One administrator action , a lot of configuration and results… Always is a help but . Sometime we need to implement other new gpos on a different domain .
Here is some info about the methods and solutions
There are four operations that GPMC provides to allow for archival and recovery of GPOs, and for migrating GPOs from one environment to another:
- Copy. A copy operation allows you to transfer settings from an existing GPO in Active Directory directly into a new GPO. The new GPO created during the copy operation is given a new GUID and is unlinked. You can use a copy operation to transfer settings to a new GPO in the same domain, another domain in the same forest, or a domain in another forest. Because a copy operation uses an existing GPO in Active Directory as its source, trust is required between the source and destination domains. Copy operations are suited for moving Group Policy between production environments, and for migrating Group Policy that has been tested in a test domain or forest to a production environment, as long as there is trust between the source and destination domains.
- Backup. Backing up a GPO copies the data in the GPO to the file system. The backup function also serves as the export capability for GPOs. A GPO backup can be used to restore the GPO to the backed-up state, or to import the settings in the backup to another GPO.

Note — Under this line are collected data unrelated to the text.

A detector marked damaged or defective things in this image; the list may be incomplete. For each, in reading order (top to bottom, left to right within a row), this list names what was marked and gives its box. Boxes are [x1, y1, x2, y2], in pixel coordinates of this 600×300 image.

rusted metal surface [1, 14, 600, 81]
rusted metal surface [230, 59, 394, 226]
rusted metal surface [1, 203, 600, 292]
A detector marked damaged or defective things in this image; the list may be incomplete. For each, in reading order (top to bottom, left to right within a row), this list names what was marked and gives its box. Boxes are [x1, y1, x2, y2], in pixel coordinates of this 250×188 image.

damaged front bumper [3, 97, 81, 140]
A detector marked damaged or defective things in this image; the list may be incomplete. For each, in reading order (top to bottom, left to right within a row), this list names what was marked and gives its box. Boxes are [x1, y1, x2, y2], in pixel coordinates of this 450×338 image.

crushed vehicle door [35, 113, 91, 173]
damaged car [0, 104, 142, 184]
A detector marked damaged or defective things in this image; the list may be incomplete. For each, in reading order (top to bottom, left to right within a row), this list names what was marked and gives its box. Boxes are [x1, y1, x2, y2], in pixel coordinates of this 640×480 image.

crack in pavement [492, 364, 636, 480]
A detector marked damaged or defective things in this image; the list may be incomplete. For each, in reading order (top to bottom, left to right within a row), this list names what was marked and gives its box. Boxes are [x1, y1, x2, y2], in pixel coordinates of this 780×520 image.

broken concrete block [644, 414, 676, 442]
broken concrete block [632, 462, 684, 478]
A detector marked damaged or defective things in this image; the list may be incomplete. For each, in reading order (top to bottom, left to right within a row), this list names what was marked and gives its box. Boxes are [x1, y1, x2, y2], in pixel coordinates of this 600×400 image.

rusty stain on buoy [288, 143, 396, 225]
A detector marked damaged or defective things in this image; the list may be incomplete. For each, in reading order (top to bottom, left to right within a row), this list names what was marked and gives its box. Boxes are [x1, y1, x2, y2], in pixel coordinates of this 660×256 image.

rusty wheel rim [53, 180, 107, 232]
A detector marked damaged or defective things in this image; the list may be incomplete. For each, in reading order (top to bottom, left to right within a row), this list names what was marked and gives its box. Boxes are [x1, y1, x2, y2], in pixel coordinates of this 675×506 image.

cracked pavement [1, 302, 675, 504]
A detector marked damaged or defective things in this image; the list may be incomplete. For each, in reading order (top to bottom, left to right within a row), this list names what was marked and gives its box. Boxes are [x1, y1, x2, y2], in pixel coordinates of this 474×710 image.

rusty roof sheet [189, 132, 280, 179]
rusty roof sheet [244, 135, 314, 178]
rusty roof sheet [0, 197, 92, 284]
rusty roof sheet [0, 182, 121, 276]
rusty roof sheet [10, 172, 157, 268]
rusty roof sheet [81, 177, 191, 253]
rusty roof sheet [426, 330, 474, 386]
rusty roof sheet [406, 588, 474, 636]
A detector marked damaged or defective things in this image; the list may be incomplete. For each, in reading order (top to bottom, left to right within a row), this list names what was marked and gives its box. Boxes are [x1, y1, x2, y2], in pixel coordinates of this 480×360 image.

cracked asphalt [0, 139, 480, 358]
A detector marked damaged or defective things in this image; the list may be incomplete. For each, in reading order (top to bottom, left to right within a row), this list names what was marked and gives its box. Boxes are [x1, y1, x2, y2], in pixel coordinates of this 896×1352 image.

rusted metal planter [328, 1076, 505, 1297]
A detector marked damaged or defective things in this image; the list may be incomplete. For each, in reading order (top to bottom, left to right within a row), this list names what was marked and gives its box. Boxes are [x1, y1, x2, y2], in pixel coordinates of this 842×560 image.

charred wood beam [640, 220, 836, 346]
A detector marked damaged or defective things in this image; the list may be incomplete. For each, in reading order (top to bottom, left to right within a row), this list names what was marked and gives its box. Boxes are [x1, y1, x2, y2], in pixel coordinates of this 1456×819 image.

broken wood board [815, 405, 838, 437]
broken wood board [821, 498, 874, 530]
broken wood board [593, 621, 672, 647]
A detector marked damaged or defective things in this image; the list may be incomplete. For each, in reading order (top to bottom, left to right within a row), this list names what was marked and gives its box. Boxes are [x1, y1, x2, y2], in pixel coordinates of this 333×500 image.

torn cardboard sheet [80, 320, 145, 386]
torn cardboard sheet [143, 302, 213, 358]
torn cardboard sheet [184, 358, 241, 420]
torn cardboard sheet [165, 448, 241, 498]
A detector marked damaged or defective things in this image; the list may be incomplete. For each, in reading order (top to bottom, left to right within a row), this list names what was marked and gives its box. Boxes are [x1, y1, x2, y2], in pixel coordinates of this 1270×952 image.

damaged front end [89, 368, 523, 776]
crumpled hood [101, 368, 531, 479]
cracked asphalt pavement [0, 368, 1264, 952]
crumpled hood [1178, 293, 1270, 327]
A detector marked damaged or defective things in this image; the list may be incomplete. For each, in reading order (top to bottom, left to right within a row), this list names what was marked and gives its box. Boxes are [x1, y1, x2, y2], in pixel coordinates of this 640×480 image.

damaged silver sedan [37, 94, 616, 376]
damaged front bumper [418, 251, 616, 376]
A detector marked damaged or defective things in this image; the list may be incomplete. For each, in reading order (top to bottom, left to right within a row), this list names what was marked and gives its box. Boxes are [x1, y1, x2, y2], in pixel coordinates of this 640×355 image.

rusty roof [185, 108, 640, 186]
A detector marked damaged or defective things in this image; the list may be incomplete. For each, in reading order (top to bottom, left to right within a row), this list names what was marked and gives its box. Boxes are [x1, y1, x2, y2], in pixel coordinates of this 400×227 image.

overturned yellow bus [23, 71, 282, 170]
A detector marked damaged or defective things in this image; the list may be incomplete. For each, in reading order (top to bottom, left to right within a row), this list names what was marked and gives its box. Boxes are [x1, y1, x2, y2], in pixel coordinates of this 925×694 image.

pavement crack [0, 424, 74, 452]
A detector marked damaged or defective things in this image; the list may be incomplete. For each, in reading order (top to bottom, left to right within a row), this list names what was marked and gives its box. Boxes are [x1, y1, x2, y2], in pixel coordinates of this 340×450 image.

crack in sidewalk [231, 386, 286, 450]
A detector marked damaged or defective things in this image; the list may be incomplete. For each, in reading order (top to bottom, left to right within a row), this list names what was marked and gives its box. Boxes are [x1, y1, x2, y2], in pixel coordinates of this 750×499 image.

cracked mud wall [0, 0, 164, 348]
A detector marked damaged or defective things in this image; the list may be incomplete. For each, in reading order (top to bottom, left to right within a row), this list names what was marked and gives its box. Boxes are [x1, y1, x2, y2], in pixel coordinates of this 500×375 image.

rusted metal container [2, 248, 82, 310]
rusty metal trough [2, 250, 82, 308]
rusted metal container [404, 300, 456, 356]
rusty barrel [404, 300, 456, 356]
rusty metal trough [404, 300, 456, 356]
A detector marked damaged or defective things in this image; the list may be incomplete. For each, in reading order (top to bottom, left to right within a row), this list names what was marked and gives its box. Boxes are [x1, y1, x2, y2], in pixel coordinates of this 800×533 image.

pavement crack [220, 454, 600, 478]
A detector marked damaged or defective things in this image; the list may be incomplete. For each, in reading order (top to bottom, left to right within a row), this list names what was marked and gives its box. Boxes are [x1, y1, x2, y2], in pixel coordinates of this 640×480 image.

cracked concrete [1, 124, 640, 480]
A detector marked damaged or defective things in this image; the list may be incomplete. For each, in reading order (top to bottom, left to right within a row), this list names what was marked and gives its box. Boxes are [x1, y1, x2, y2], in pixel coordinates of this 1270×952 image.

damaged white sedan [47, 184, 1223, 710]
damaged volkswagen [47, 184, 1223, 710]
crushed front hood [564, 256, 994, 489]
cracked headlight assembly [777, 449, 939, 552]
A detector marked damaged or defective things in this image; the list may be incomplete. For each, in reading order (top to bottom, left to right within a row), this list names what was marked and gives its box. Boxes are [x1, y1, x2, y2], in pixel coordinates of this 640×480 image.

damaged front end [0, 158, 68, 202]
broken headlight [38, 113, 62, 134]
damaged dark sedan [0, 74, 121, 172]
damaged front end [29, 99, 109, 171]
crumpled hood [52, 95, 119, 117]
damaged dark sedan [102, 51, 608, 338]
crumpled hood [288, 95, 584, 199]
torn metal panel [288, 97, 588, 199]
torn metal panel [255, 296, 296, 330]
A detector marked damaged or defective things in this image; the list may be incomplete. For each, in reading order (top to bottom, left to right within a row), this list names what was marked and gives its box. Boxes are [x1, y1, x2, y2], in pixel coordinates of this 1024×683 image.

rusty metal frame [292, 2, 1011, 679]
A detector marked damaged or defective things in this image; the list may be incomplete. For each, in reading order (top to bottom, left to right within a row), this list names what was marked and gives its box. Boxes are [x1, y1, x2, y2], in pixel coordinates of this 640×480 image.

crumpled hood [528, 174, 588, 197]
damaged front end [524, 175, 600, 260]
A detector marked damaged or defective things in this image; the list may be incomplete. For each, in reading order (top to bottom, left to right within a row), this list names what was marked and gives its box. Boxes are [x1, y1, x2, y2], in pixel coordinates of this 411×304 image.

- Import. The Import operation transfers settings into an existing GPO in Active Directory using a backed-up GPO in the file system location as its source. Import operations can be used to transfer settings from one GPO to another GPO within the same domain, to a GPO in another domain in the same forest, or to a GPO in a domain in a different forest. The import operation always places the backed-up settings into an existing GPO. It erases any pre-existing settings in the destination GPO. Import does not require trust between the source domain and destination domain. Therefore it is useful for transferring settings across forests and domains that don’t have trust. Importing settings into a GPO does not affect its DACL, links on sites domains or organizational units to that GPO, or a link to a WMI filter.
- Restore. Restoring a GPO re-creates the GPO from the data in the backup. A restore operation can be used in both of the following cases: the GPO was backed up but has since been deleted, or the GPO is live and you want to roll back to a known previous state.
———————————————————————————————————————————————————————-
The CMDLETS
http://technet.microsoft.com/es-es/library/ee461027.aspx
We need to check on the moment of the migration , whats our scenario
( My case is a env test without connection with the real domain )
- Copy-GPO requires both source and destination domains to be online.
- Backup-GPO/Import-GPO does not have the -CopyACL switch from Copy-GPO.
- Import-GPO has a parameter to use a migration table, but it forces the option from the GUI which requires all accounts to be in the migration table
- Neither Copy-GPO nor Import-GPO support WMI filter migration.
About migration tables :
http://technet.microsoft.com/en-us/library/cc739066(v=WS.10).aspx
The process
- Export GPOs from source domain
- Copy export files to destination domain
- Create and tweak migration table
- Manually recreate WMI filters in destination
- Remove GPOs of same name in destination
- Import GPOs to destination domain
- Manually reassign WMI filters
- Copy permissions (and sync SYSVOL permissions)
- Link GPOs to OUs
- Set link properties (enabled, enforced, etc.)